- PROBLEM REQUIREMENTS: Nothing but the text of the records belongs in your answer: repeat all of it exactly and leave out the images.

Records drawn from a dataset:
★ ★ ★

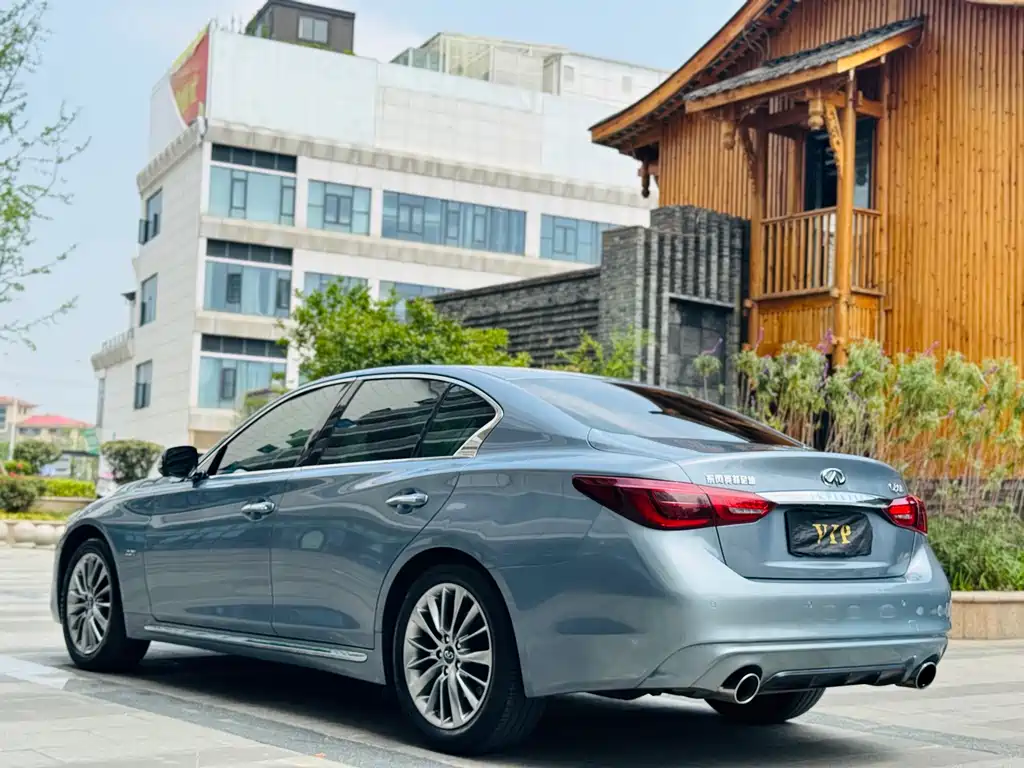 Infiniti Q50 L 2.0 T Progressive Enjoyment CN-V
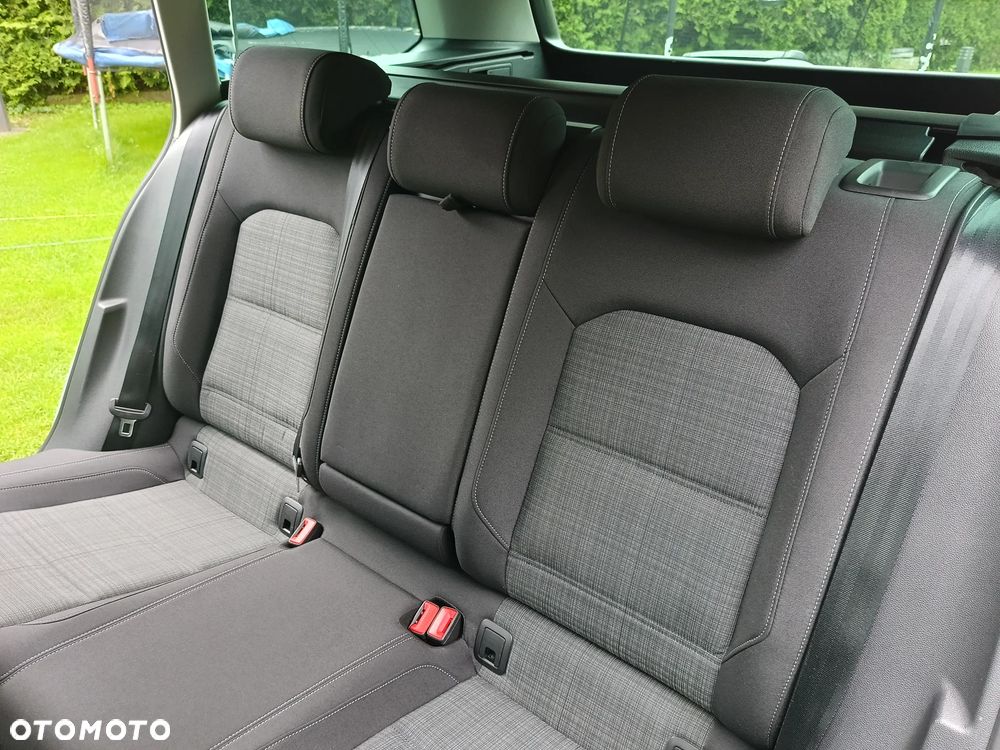 Volkswagen Passat 2.0 TDI SCR Comfortline DSG - 25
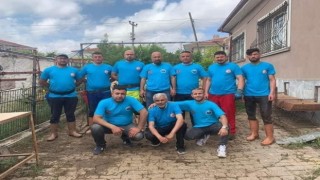 Emirdağlı gurbetçiler ilçelerinde et girmedik ev bırakmadı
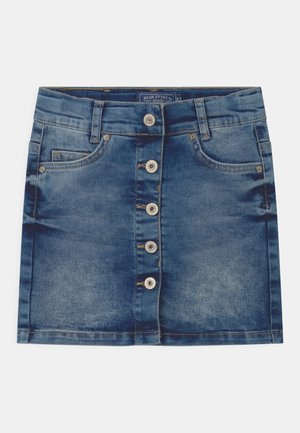 Mørkeblå denimnederdel med knapfront, to forlommer og klassisk pasform. Har subtile falmning og syninger.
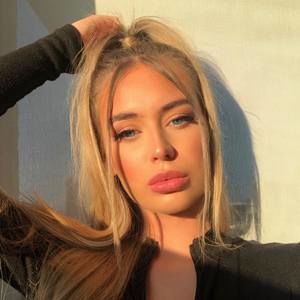 Meet your Posher, Mackenzie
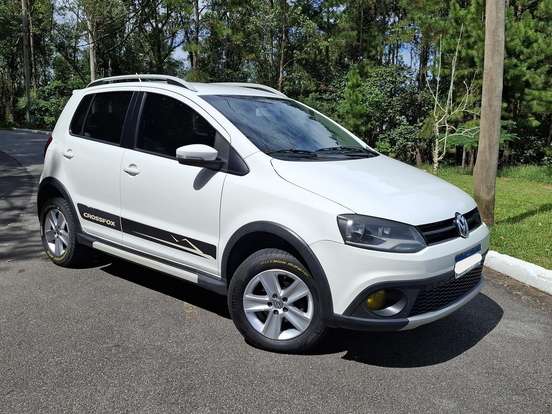 VOLKSWAGEN-CROSSFOX-1.6 MI FLEX 8V 4P MANUAL VOLKSWAGEN-CROSSFOX-2011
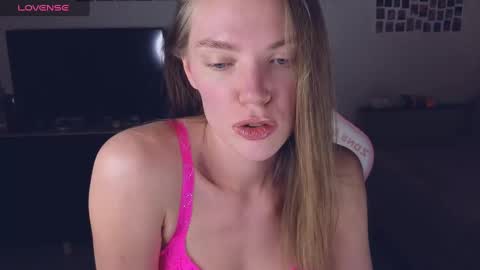 Snapshot of merry_dancers_ chatting on 12/30/24, 05:02 Susan online show from 12/30/24, 05:02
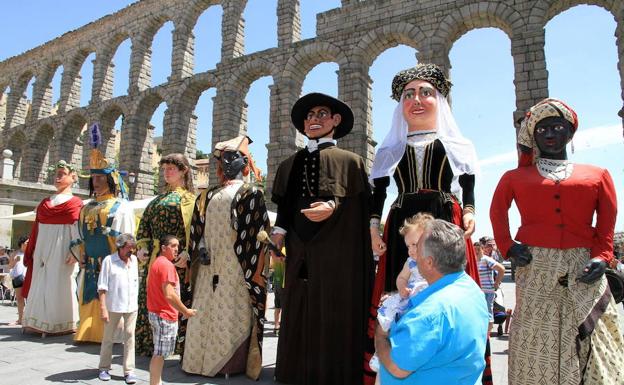 Las fiestas de Segovia se anudan el 'no' a la violencia sexista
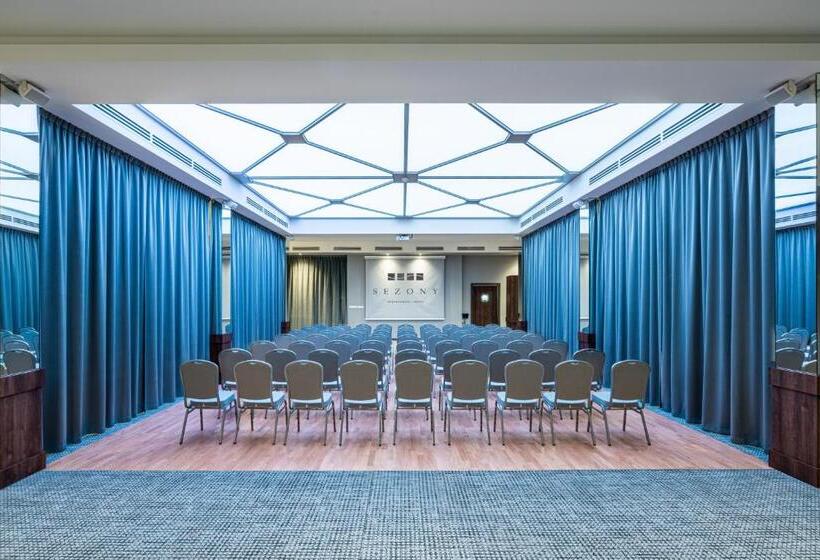 בית מלון כפרי Sezony. Restauracja I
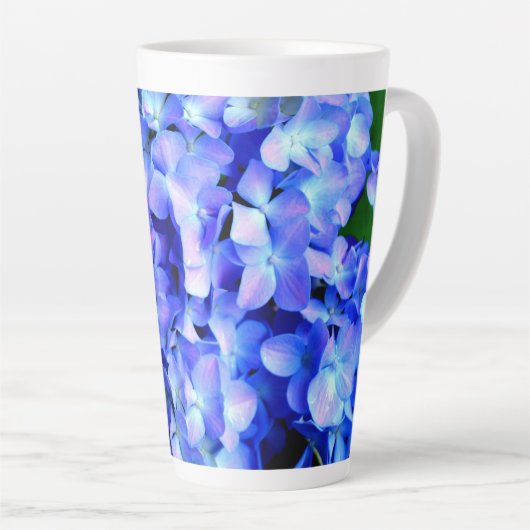 Elegantes lila Magenta Blumenhydrangea Milchtasse (Rechte Ecke)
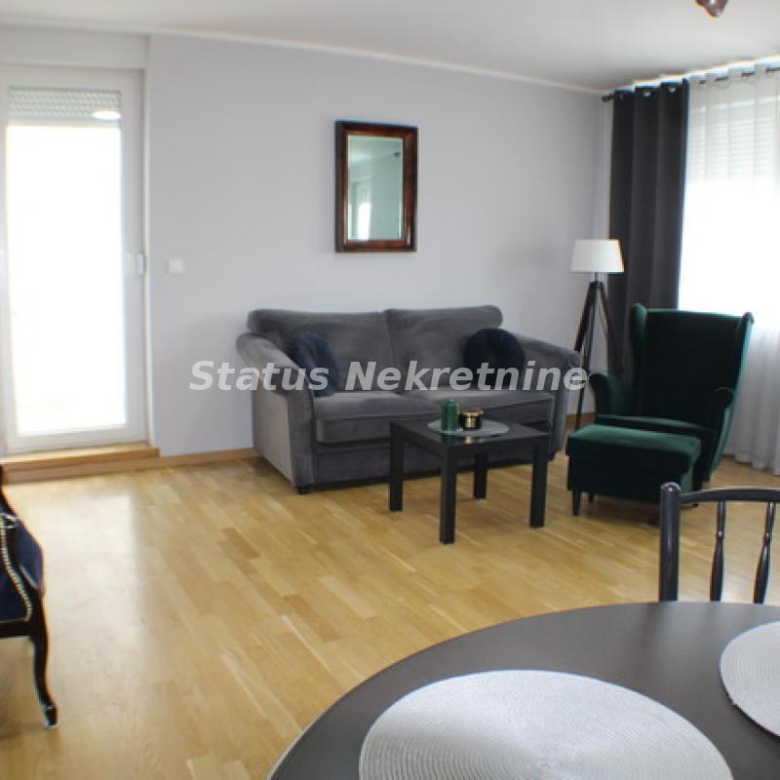 Stan Prodaja Novi Sad  50 m2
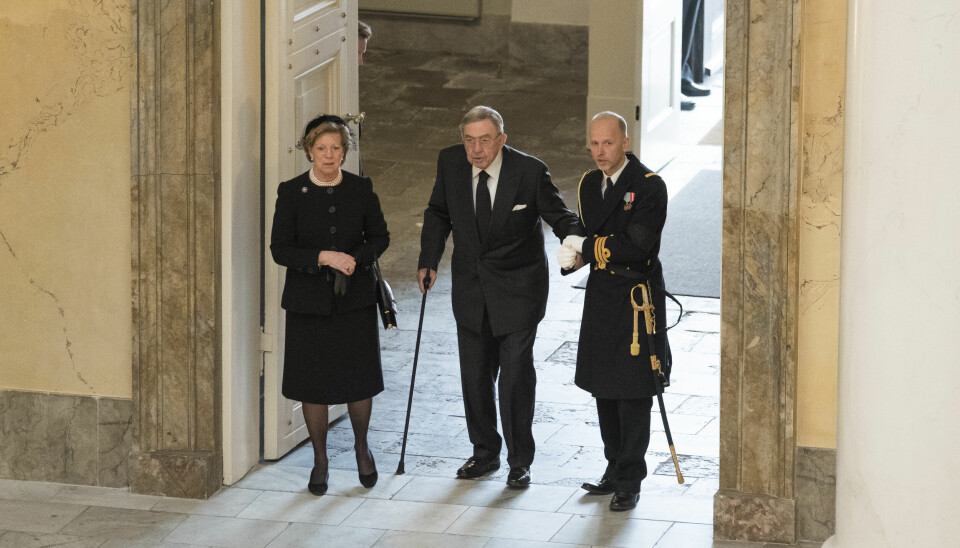 Dronning Anne-Marie og kong Konstantin ankommer (Foto: Klaus Bo Christensen)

★ ★ ★

- OUTPUT OF THE EXERCISE:
 Infiniti Q50 L 2.0 T Progressive Enjoyment CN-V
 Volkswagen Passat 2.0 TDI SCR Comfortline DSG - 25
 Emirdağlı gurbetçiler ilçelerinde et girmedik ev bırakmadı
 Mørkeblå denimnederdel med knapfront, to forlommer og klassisk pasform. Har subtile falmning og syninger.
 Meet your Posher, Mackenzie
 VOLKSWAGEN-CROSSFOX-1.6 MI FLEX 8V 4P MANUAL VOLKSWAGEN-CROSSFOX-2011
 Snapshot of merry_dancers_ chatting on 12/30/24, 05:02 Susan online show from 12/30/24, 05:02
 Las fiestas de Segovia se anudan el 'no' a la violencia sexista
 בית מלון כפרי Sezony. Restauracja I
 Elegantes lila Magenta Blumenhydrangea Milchtasse (Rechte Ecke)
 Stan Prodaja Novi Sad  50 m2
 Dronning Anne-Marie og kong Konstantin ankommer (Foto: Klaus Bo Christensen)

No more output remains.